Wednesday, March 11, 2009

Goffman (and Greenstreet) on Institutions

I had occasion to dip into Erving Goffman's Asylums today. Here's the first sentence of the first essay.

Social establishments—institutions in the everyday sense of that term—are places such as rooms, suites of rooms, buildings or plants in which activity of a particular kind regularly goes on. (15)

I will be using this in my work on "composure" as a counterpoint to Kantian intuitions.

In whatever manner and by whatever means a mode of knowledge may relate to objects, intuition is that through which it is in immediate relation to them, and to which all thought as a means is directed. (KRV A19/B33).

Intuitions and institutions together are the media of immediacy.

What I like about Goffman's definition of institutions ("in the everday sense") is its concreteness. It's tangibility. We can heighten it by imagining what Kate Greenstreet would do with it:

I think of places
(rooms, suites of rooms, buildings
or plants)
where things regularly go on

Wittgenstein suggested that our belief in the "intangibility" of mental states stems from our "refus[al] to count what is tangible about our state as part of the specific state which we are postulating" (PI§608). In this spirit, I think it is important to approach our institutions through the rooms and suites of rooms in which things happen. Marriage is an institution and the home (the house or houses) is its place. Money is an institution and the bank its tangible place. There are places that put us "in immediate relation" to our activities.

5 comments:

Kirby Olson said...

Does flarf have a place, or an institution?

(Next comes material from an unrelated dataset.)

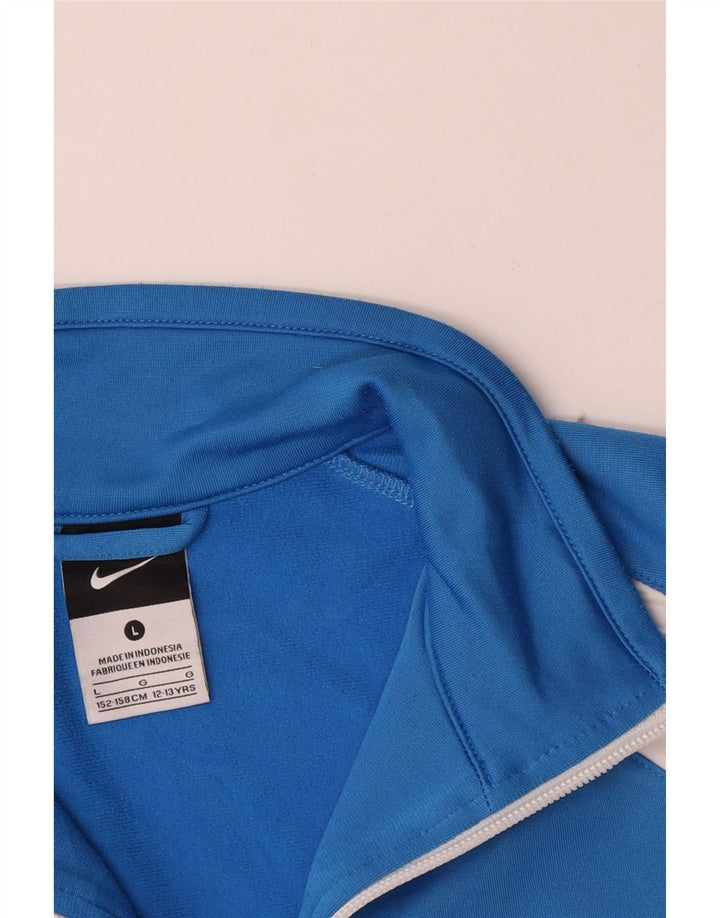 Nike Jungen-Trainingsanzug-Top-Jacke, 12–13 Jahre, groß, blaues Farbblock-Polyester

Is it possibly the asylum, or is it the art gallery?

Thomas Basbøll said...

Just as there can be no philosophy without knowledge and no knowledge without intuition, there can be no poetry without power and no power without institutions.

So, yes, Flarf, if it is indeed poetry, has a place, an institutional setting. But the genius (and fragility) of Flarf is that it only just very barely acknowledges this institutionalization, this setting into place.

Institutional action is robustly ethical (using that adjective purely descriptively). Flarf merely has a certain "ethical stickiness" (Kasey's phrase).

Kirby Olson said...

Kasey and yourself and a few others inside Flarf have institutional settings (in universities). Is it a university movement, like Language? do you have to be hyper-educated, to get it?

Could it ever be something that the garbage-man would read while doing his runs, in between dumpsters?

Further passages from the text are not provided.